In general, the criteria for Sole Proprietorship and Partnership applications are the same. You have to be at least 18 years of age and must be a Singapore Citizen, Singapore Permanent Resident, or an EntrePass Holder.


For foreigners who want to set up either one of these business structures, the process may differ largely as there are far more requirements to comply with. For instance, you have to appoint at least one local resident as an authorised representative.


Alternatively, foreigners may set up a Private Limited Company (PLC) instead to avoid this stringent process and certain business limitations.

Difference Between Sole Proprietorship and Partnership

While both business models have fair similarities and are both suitable for entrepreneurs, they still have their differences.

Ownership

Considered one of the simplest business structures, sole proprietorships only have one sole owner, hence the name. There are no other business owners, partners, or shareholders besides the owner themselves.


Unlike a sole proprietorship, partnerships are enterprises that are owned by two or more individuals. Both partners will contribute to the business and share in both its profits and losses. In Singapore, up to 20 individuals are allowed in a partnership under the Accounting and Corporate Regulatory Authority (ACRA).


Liability

Both of these business structures are considered single legal entities, which means they are not a separate entity from its business owners and partners. Having unlimited liability means that the individual owner and partners involved are solely responsible for any debts or legal action taken against the business, which can affect their personal assets as well.


However, for partnerships, each partner is legally responsible for any losses incurred by other partners, even if they have no involvement in the transaction whatsoever. With that said, choosing your partners can either make or break your business.


Terms and Agreements

Sole proprietors probably have the most lenient business structure out of all. Since there is only one sole owner of the business, a partnership agreement isn’t necessary. However, for any external clients or collaborations, having a contract in place will be beneficial. Before starting any project, make sure to have a written agreement signed by both parties that clearly defines the terms of the assignment.

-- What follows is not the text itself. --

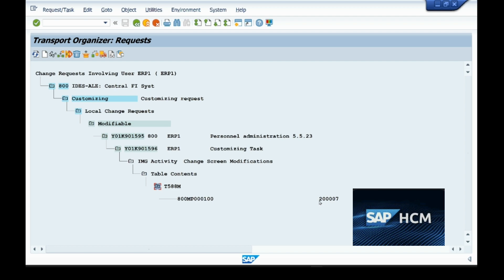The screen number I changed shows here — 800 is the client number and MP3001 is the screen where I made the changes. All these changes will be transferred to quality and then to production through the transport request. Since I have not released the request to the next server, you cannot see any released requests here. This was a customizing request, not a workbench request, so it shows as customizing. I hope you understood what a transport request is, how to create it, and how to check its status. Thank you.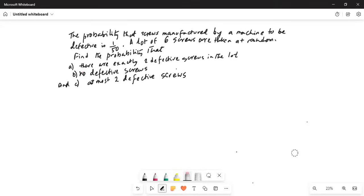I'll share my computer screen with you. The probability that screws manufactured by a machine to be defective is 1 over 50. A lot of six screws were taken at random. Find the probability that: Part A, there are exactly two defective screws in the lot; Part B, no defective screws; and Part C, at most two defective screws.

For partnerships, written agreements are strongly recommended within the team. This minimises any potential sources of conflict and allows each partner to be clear of their roles before the partnership is formed. Before you begin any partnership, it is crucial to have a partner you can trust as this may affect your credit score, the future of your business, and your business relationship as well.

Creative Freedom

Since sole proprietors have complete control over the operations of their business, they also have the creative freedom to do anything with their business and change the way that they operate as well.

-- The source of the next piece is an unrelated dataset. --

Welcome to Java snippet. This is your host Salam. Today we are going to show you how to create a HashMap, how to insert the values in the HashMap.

With other partners involved in the business, partnerships don’t entail as much creative freedom as sole proprietorships. Any changes or decisions to be made still have to be discussed with all the partners involved before proceeding with the final verdict.

Choosing Your Business Structure

Your choice of business structure matters greatly as it will affect a multitude of factors as your business grows such as the amount of taxes you have to pay, the level of liability to your personal assets, and even the ability to attract potential investors. If you are convinced that you want to be the sole owner of your business and prefer going solo, sole proprietorship is the way to go. However, if you’re looking to collaborate and join efforts with someone else, a partnership would be more suitable for you.


Once you have chosen between a sole proprietorship and partnership, be sure to set up a separate business account for all your company expenses. To get you started, Aspire and Osmose have partnered together to offer same-day online incorporation and business account opening in Singapore. Not only will this partnership create more convenience for you in handling your financial matters like business expenses, accounting and tax, but it also simplifies the process of registering your business as a whole.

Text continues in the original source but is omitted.